> EXERCISE PROMPT
Starting at the line that holds "Pearl House Resort" and stopping at the line that holds "Dacia Sandero Stepway extreme 2024", restate the records below word for word, with both of those lines included.

○ ○ ○ ○ ○ ○ ○

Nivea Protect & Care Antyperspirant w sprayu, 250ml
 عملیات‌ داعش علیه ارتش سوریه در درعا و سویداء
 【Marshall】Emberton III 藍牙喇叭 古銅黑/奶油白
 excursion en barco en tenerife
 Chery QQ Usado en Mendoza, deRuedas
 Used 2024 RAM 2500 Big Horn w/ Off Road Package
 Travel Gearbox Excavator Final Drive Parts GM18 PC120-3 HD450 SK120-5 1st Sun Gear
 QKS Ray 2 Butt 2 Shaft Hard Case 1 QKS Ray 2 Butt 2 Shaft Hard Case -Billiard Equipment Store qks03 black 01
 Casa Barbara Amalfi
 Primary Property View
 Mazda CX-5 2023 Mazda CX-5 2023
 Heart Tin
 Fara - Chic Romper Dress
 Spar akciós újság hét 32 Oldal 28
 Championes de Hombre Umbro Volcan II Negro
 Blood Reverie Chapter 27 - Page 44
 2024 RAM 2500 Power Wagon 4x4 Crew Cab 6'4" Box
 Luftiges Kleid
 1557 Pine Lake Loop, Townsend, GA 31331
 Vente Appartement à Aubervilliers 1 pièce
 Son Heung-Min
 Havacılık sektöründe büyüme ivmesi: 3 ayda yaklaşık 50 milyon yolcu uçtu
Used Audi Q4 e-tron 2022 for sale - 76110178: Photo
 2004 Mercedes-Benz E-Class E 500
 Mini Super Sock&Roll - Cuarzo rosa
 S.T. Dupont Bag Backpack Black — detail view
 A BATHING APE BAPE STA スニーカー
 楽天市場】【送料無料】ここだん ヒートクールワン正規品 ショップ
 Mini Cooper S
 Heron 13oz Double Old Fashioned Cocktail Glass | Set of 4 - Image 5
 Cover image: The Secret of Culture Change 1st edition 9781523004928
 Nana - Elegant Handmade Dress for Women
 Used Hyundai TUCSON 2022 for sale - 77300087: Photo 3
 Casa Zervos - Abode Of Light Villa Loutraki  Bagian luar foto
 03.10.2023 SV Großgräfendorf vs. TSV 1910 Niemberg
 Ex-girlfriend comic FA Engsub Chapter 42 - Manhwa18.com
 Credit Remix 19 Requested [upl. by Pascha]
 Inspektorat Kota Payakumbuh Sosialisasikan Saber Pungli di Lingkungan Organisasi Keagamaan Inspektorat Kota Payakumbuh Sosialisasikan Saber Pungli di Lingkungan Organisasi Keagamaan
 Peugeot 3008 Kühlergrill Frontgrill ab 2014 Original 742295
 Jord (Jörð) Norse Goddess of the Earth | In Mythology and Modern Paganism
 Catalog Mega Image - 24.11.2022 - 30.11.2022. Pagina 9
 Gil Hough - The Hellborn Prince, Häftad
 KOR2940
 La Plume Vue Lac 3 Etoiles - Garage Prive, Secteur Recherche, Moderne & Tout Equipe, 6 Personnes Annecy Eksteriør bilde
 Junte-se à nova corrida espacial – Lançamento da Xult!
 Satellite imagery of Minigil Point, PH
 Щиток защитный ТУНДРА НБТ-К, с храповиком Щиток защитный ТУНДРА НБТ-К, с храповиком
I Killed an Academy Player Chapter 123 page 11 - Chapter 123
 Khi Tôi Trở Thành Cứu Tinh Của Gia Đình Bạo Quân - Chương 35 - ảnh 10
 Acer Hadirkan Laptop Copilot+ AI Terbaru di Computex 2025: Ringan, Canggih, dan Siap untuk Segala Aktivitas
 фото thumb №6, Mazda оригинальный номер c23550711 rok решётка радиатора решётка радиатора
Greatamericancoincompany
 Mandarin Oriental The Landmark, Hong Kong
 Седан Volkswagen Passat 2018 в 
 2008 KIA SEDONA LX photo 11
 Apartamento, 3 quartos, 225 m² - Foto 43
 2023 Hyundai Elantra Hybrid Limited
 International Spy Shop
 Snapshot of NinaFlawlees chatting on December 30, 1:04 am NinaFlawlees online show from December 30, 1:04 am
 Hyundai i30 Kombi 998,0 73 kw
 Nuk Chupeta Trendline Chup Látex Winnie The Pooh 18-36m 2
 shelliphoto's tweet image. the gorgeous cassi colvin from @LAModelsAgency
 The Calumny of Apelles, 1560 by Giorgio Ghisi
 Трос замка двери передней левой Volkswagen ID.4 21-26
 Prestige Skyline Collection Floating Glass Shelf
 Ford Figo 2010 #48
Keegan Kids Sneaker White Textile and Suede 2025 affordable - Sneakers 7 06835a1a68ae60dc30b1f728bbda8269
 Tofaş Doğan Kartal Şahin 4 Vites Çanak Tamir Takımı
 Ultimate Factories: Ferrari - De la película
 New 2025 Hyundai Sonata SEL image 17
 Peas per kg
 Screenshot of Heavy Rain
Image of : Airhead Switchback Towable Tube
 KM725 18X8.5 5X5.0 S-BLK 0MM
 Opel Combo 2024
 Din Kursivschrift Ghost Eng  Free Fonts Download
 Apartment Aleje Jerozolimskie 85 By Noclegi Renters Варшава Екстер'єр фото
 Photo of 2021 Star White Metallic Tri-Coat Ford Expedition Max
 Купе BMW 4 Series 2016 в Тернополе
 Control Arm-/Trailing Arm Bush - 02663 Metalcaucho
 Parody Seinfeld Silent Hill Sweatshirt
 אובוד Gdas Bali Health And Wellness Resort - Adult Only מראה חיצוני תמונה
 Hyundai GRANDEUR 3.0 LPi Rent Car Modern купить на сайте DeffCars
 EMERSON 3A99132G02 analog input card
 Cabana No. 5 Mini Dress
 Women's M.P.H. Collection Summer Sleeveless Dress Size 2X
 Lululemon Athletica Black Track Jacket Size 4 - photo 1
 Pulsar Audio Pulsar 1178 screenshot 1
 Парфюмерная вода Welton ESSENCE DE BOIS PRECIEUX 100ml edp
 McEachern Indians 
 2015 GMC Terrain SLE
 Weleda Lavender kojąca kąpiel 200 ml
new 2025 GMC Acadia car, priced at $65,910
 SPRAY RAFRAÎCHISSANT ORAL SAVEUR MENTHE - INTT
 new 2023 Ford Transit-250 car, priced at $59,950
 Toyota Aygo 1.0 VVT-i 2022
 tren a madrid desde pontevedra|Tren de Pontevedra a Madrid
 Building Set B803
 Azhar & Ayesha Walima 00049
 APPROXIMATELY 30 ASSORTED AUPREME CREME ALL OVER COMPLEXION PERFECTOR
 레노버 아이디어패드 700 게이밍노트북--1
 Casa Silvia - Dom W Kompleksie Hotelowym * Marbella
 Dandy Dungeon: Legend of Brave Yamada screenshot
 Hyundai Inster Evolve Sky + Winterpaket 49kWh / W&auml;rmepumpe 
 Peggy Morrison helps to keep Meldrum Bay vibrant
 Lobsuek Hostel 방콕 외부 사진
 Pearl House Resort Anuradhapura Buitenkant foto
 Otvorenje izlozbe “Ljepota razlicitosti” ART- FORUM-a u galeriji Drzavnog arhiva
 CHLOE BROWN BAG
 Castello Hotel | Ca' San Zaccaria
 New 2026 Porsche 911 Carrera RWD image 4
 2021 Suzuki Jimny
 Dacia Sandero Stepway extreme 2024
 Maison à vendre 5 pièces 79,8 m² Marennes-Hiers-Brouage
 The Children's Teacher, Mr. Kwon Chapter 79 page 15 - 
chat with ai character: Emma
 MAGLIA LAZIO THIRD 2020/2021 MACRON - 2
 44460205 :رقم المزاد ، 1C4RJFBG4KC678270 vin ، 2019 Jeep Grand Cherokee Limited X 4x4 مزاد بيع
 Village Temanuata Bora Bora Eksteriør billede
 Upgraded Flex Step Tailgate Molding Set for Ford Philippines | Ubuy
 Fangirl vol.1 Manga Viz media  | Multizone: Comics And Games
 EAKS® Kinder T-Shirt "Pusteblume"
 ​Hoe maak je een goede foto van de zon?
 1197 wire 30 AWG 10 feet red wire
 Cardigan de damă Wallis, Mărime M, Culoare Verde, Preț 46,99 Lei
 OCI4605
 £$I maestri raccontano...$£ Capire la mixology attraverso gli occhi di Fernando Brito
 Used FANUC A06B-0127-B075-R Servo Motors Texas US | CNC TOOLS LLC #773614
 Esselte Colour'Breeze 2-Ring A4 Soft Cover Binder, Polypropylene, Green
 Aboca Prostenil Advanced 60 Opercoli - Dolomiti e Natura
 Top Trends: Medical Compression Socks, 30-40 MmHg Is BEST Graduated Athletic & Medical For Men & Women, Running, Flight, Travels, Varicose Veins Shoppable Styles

○ ○ ○ ○ ○ ○ ○

> RESULT
 Pearl House Resort Anuradhapura Buitenkant foto
 Otvorenje izlozbe “Ljepota razlicitosti” ART- FORUM-a u galeriji Drzavnog arhiva
 CHLOE BROWN BAG
 Castello Hotel | Ca' San Zaccaria
 New 2026 Porsche 911 Carrera RWD image 4
 2021 Suzuki Jimny
 Dacia Sandero Stepway extreme 2024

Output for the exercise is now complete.